Part 10: Memoirs of a Fine-Dining Flower Boy
How not to make friends among Stockholm's Michelin elite
Hello and welcome to The Recovering Line Cook! To long-time readers, thanks for coming back. And to those new here, hello! I’m Wil and this newsletter is my (loosely-structured) memoir looking back on life as a restaurant chef and what I learnt there.
If you haven’t seen it, the story starts here in London. Today’s issue continues my look back at my first experience cooking in a Michelin-Starred, fine-dining restaurant in Stockholm, Sweden. Part 1 is here.
Being a stagiaire in a Michelin-starred, tasting menu only, and no-you-don’t-get-to-choose-how-well-done-your-steak-comes restaurant means being asked to do ridiculous things and convincing yourself it’s a worthwhile use of your time.
Or at least that’s how I felt about it.
I mentioned here that eating is funny in how it can be both ostentatiously decadent while absolutely necessary. It is the lengths we go to in the process of fulfilling that eating that makes all the difference.
These “lengths” are where my love of cooking chiefly reside.

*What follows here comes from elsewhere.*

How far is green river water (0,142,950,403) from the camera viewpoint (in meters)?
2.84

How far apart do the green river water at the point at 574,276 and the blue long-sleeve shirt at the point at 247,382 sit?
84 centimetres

I love the actual eating as well of course. And I’m not picky. I love pan-fried scallops. I love the hollandaise my mother made and the poached salmon she served along with it. I really love the way deeply charred cabbages taste, particularly when covered in enough salt to leave your tongue burning. I also love those cheap Tesco meal deal prawn mayonnaise sandwiches with a pack of salt and vinegar Walkers on the side. (This last one might only make sense to UK readers, I admit)
But I think the process of cooking, separate from what food it might become, is an even greater joy.
I love to cook because I love the act of wasting two hours on a technique that will likely make infinitesimal difference to the quality of the end product.
If a random experiment turns into a monumental failure, I'm of the same mind-frame as an experimental scientist: even failures are successes. Even failures in the kitchen are a fun way to learn something new.
Restaurant cooking, however, requires a near religious commitment to the economy of thrift. This impacts on everything you do. Tasks are instinctively time-planned so you have several things working simultaneously. Cost/benefit analyses dictate whether a technique or ingredient is worth implementing.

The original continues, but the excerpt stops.